Il Bolero avanguardistico di Michele Merola
Alcune note sul lungimirante allestimento a cura della MM Contemporary Dance Company. Denso come una lezione di storia (dell’arte). Fra rimandi alla tradizione e consapevolezza del presente.
UNA SFIDA AMBIZIOSA
Non dev’essere facile, pur per un coreografo di solida scuola come Michele Merola, apprestarsi ad allestire un caposaldo come Bolero, dopo artisti della levatura di Aurel Milloss e Maurice Béjart. Una sfida da far tremare i polsi, deve essere, partire da uno dei brani più noti della storia della musica occidentale. Una lama a doppio taglio: da un lato l’innegabile richiamo del già noto, soprattutto per le platee meno disponibili alle sperimentazioni, dall’altro il doversi confrontare con la controversa questione dell’originalità: ripetere pedissequamente ciò che già altri hanno detto e fatto non porterebbe che ad accuse di incompetenza, plagio, mancanza di idee.
CITARE LA TRADIZIONE
Per togliersi d’impaccio, il coreografo di base a Reggio Emilia ha scelto di citare la tradizione: se è vero che ciò significa inserire un elemento del passato in un proprio discorso, modificandolo, paiono del tutto organici i molti riferimenti, più o meno espliciti, ad alcune delle ricerche nate negli anni che hanno visto il debutto della composizione di Maurice Ravel. Bolero, come è noto, ha fin dal proprio concepimento un legame indissolubile con la danza: a Ravel, in crisi con il mondo coreutico dopo aver rotto con il fondatore e direttore artistico dei Ballets russes Sergej Djagilev, questa composizione fu commissionata dalla danzatrice e mecenate russa Ida Rubinštejn, interprete nel 1928 del primo allestimento.
SCENOGRAFIA VIVA
Lo spettacolo di Michele Merola riprende e rilancia alcuni degli stimoli di quel fecondo momento storico, impostando l’architettura coreografica in costitutiva relazione con un elemento scenografico mobile, vivo: una sorta di cartone ondulato alto circa due metri e mezzo e lungo forse una quindicina di metri. Si tratta di un flessuoso pannello che interagisce incessantemente con i sette energici danzatori in scena: li inghiotte, li espelle, li cela, li esalta, secondo una logica, propriamente avanguardistica, del rendere lo spazio scenico elemento “drammaturgicamente attivo”. Essa trova una delle proprie origini nel dispositivo approntato dallo scenografo svizzero Adolphe Appia per le ricerche pedagogiche e artistiche portate avanti da Émile Jaques-Dalcroze nella città-giardino di Hellerau: un luogo astratto il cui scopo non è quello di visualizzare possibili scenari drammatici, ma di esaltare l’azione del corpo in movimento. Volendo sintetizzare con uno slogan: lavorare per creare non “lo spazio della danza”, ma piuttosto “la danza dello spazio”.
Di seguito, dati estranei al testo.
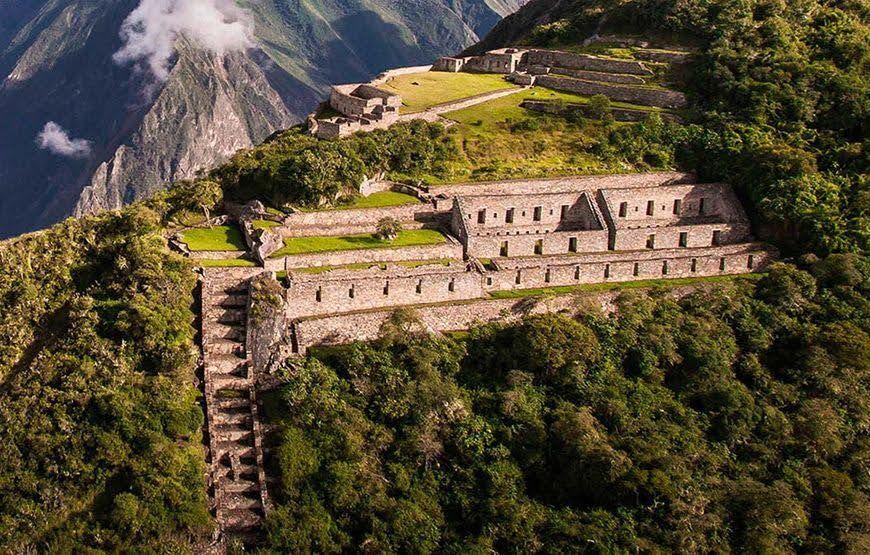 Peru hiking tour of ruins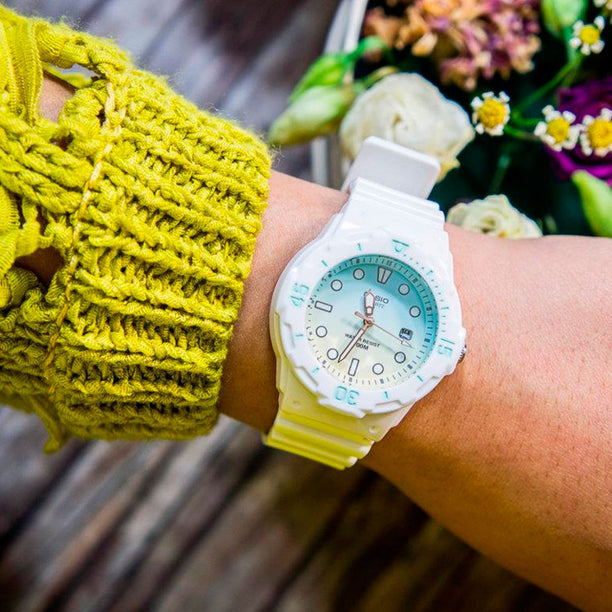 Reloj Casio Análogo LRW-200H-2E2VDR Blanco Mini Buceo - Dando la Hora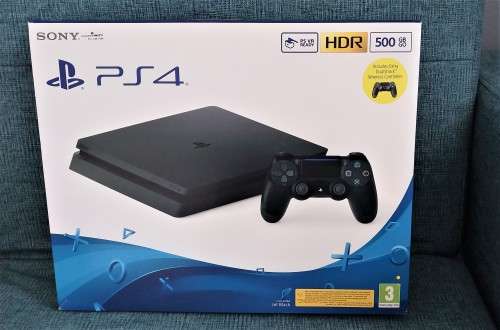 PS4  Console 500GB Slim With 2 controllers - Black (Brand new)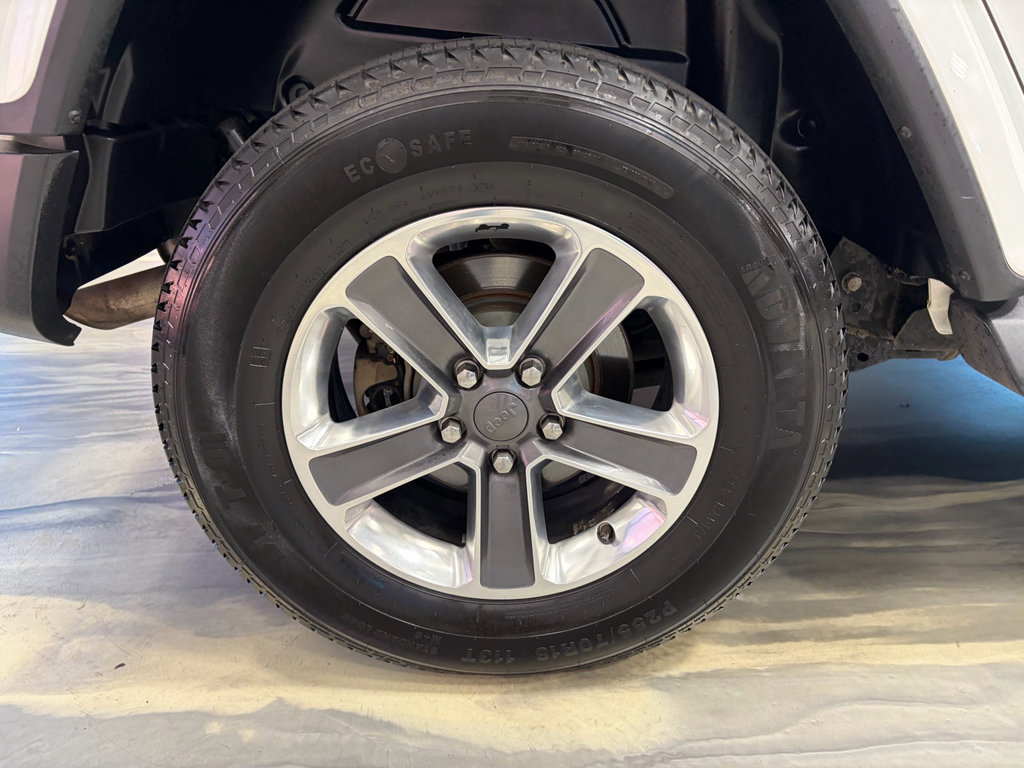 Used 2018 Jeep Wrangler Unlimited Sahara w/ Uconnect 4C Nav & Sound Group image 23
STARE NEL PRESENTE GUARDANDO AL PASSATO
Anche altri tentativi di rendere lo spazio entità attiva paiono essere stati intelligentemente assunti da Michele Merola: su tutti vale ricordare almeno gli screens di Edward Gordon Craig, alla ricerca di una scena che non si limitasse a ospitare il movimento ma che diventasse essa stessa soggetto cinetico, e il celebre dispositivo creato per l’allestimento di Le Cocu magnifique, curato da Mejerchol’d nel 1922.
Si potrebbe a lungo continuare, ma il punto pare già sufficientemente chiaro: in un panorama coreutico spesso suddiviso tra miopi conservatori e innovatori smemorati, il maggior merito di Merola pare essere quello di porsi nel presente con lungimirante attenzione verso il passato.
Infine. È di grande interesse il puntuale tracciato sonoro di Stefano Corrias, la cui composizione musicale si intreccia con quella di Ravel in tre momenti apicali della coreografia, a tessere un dialogo sorprendentemente efficace: inaudito e al contempo profondamente in ascolto del maestro. Chapeau.